While the concept of analytics has been around for a long time, it is now a strategic focus given advances in healthcare digitization. Capturing, storing, and acting on this exponentially expanding amount of clinical knowledge can spur growth in artificial intelligence, machine learning, and a learning health system.
Data reuse and continuous use
According to Harper, an important aspect of this envisioned Analytics Center of Excellence is the ability to reuse data for more than one purpose sometimes called secondary use. Unfortunately, that capability will not be enough to support cognitive analytics and augmented reality. Those both require continuous use of data.
- “Data reuse” involves deploying a data asset and using it more than once for the same purpose.
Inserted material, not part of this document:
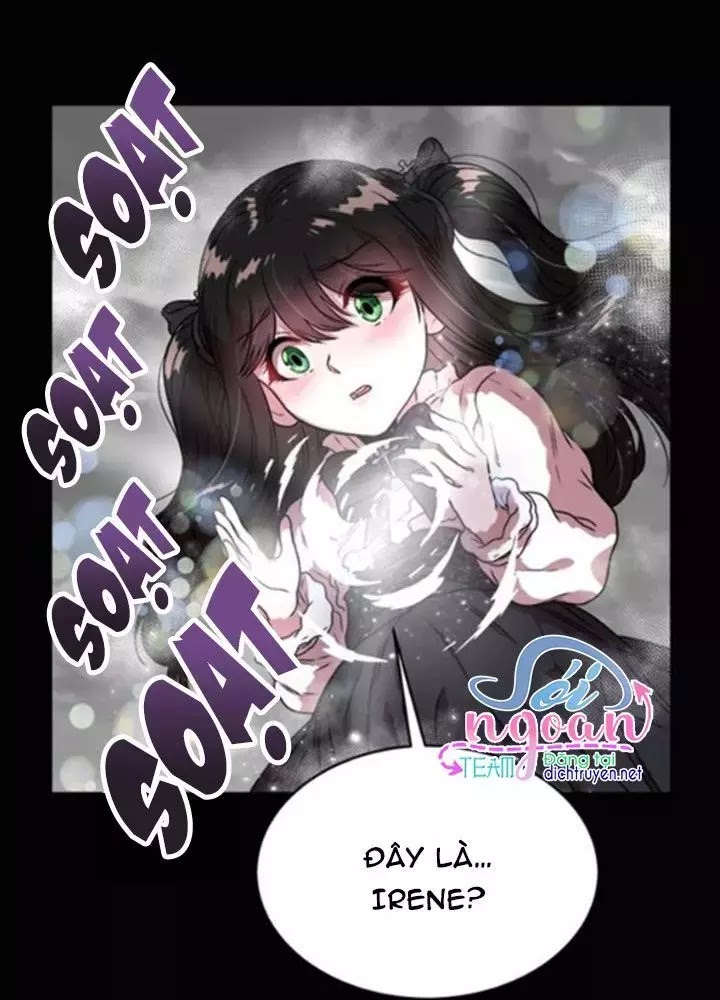 con gái bảo bối của ma vương chapter 22 103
- “Continuous use” involves deploying a data asset previously used for one (or more) specific purpose(s) and using that data set for a completely different purpose.
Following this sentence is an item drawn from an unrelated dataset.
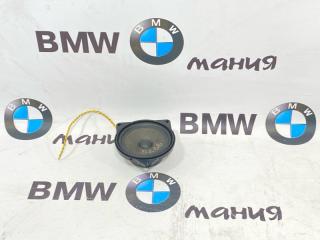 Динамик BMW X1 2013 контрактная Динамик BMW X1 2013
For example, Haper writes: ‘If we have an application that uses a lab value to generate a clinical decision support recommendation to adjust a medication dosage and then later in the day uses the same lab value to predict a readmission, that would be defined as “reuse.”
On the other hand, taking the same lab value combined with other clinical data to calculate the acuity of the patient and need for nurse staffing would be an example of repurposing that data, i.e. continuous use.
It is important not to confuse the concepts of continues use and continuous data. Continuous data is information that can be measured on a continuum or scale. It can have almost any numeric value and can be meaningfully subdivided into finer and finer increments, depending upon the precision of the measurement system.
Role of government
The governance aspects for multiple instances of reuse and continuous use mandate assessing data quality requirements. Are all the quality expectations going to be identical? Alternatively, when a data set is repurposed, whose responsibility is it to document data quality rules and acceptability thresholds as well as integrate validation of the data into upstream processes? More importantly, what does one do if the repurposing of the data is very far from origination?
Encouraging reuse and continuous use
In conclusion: in order to realize big data benefits in healthcare, the reuse and continuous use of data should be encouraged for scientific enquiry and debate, promoting innovation and potential new data uses, Harper states. This way the cost of duplicating data collection can be reduced, while increasing the impact and visibility of research.